Ada pemain yang mungkin bisa dijadikan pembelajaran bagi Egy Maulana Vikri untuk berkarir di negara sepakbola Eropa. Ia adalah Martunis, anak muda asal Aceh yang pernah mengikuti aktivitas sepakbola di klub Portugal. Saat ini Egy sudah menandatangani kontrak 3 tahun dengan klub Polandia, Lechia Gdanks (Goal.com 14/3/16). Simak pembelajaran apa yang dapat diambil dari pemain tersebut untuk karir Egy di Eropa. Â
Martunis adalah anak angkat Cristiano Ronaldo yang diundang ke Portugal untuk berkarier di Sporting Lisbon sebagai apresiasi Ronaldo kepada anak asuhnya yang selamat dari bencana tsunami Aceh tahun 2004. Martunis dibawa ke negara Semenanjung Iberia itu pada akhir Juni 2015 untuk belajar sepakbola di akademi Sporting Lisbon U-19.
CNNIndonesia.com (26/12/17) mewartakan bahwa perjalanan karier Martunis di Sporting Lisbon mandek karena pemain ini kesulitan beradaptasi di Portugal. Kendala utama Martunis adalah masalah bahasa, makanan, cuaca, dan postur. Munawardi, Sang Managerpun mengatakan bahwa sifat pemalu yang dimiliki Martunis telah membuat kariernya tidak berkembang. Walaupun Munawardi sudah memperingatkan hal tersebut kepada Martunis namun tetap saja tidak bisa mengubah kendala tersebut.
"Sebenarnya sejak ada di Portugal saya sudah sering peringatkan Martunis. Mungkin karena sifat pemalu, Martunis tidak cakap berkomunikasi. Jadi untuk urusan internal di mess dengan lapangan latihan saja, terkadang dia harus kontak saya dulu untuk melapor ke pengelola akademi," ujar Munawardi kepada CNNIndonesia.com (26/12/17).
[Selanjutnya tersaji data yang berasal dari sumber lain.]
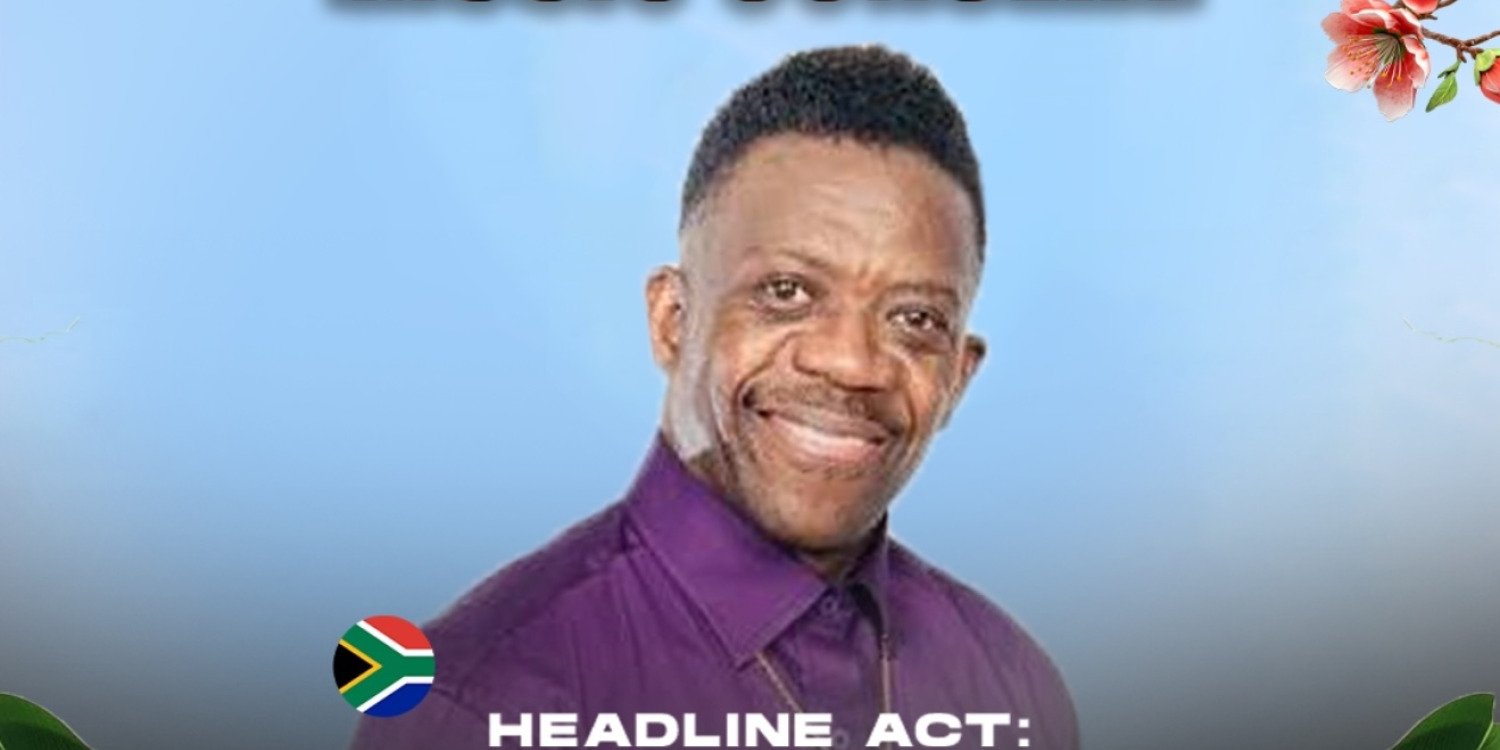 Tri-Nations Gospel Music Concert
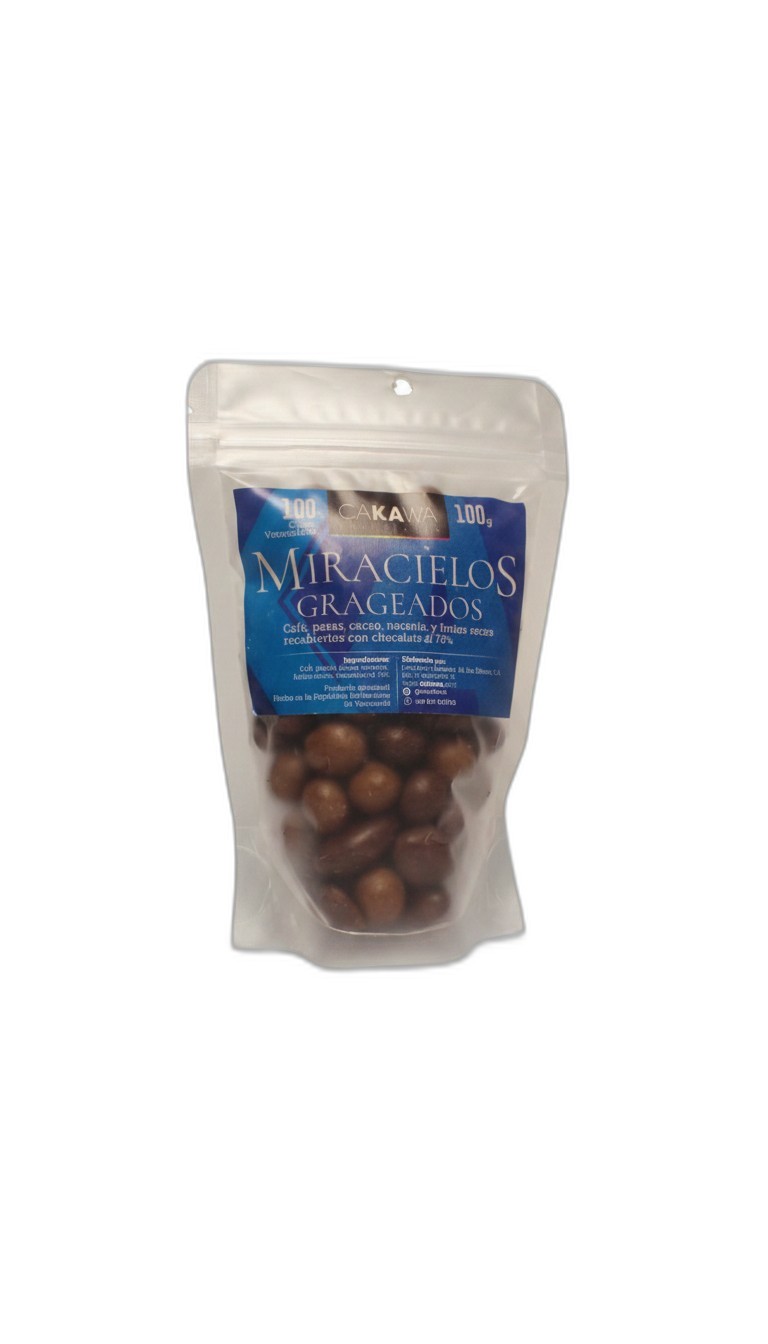 Cacawa Snacks
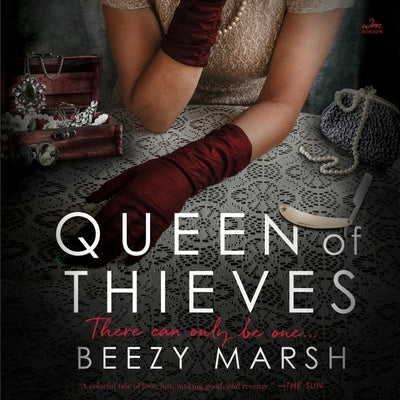 Queen of Thieves by Marsh, Beezy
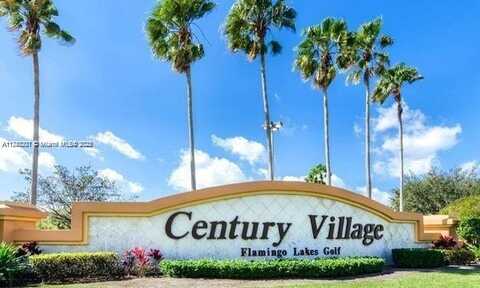 13250 SW 4th CT, Pembroke Pines, FL 33027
Sebelum berangkat ke Portugal, Martunis sempat mendapat pembekalan kursus bahasa Portugis selama empat bulan, dan satu bulan kursus bahasa Inggris. Namun hal tersebut tidak banyak membantunya untuk beradaptasi dengan iklim sepakbola Eropa. Sebenarnya di Sporting juga banyak pemain yang berasal dari Afrika atau Brasil. Namun, tidak banyak yang bisa berbahasa Inggris. Tapi mereka tetap mampu menyesuaikan diri dengan cepat.
Bagi pemain yang berasal dari Brazil perkara bahasa bukan masalah karena mereka masih bisa menggunakan bahasa Portugis yang merupakan bahasa di Portugal. Untuk pemain-pemain Afrika yang rata-rata negaranya bekas jajahan Perancis lebih banyak menggunakan bahasa Perancis namun bukan kendala serius bagi mereka untuk beradaptasi karena Portugal negara yang berbatasan langsung dengan benua Afrika di Selatan.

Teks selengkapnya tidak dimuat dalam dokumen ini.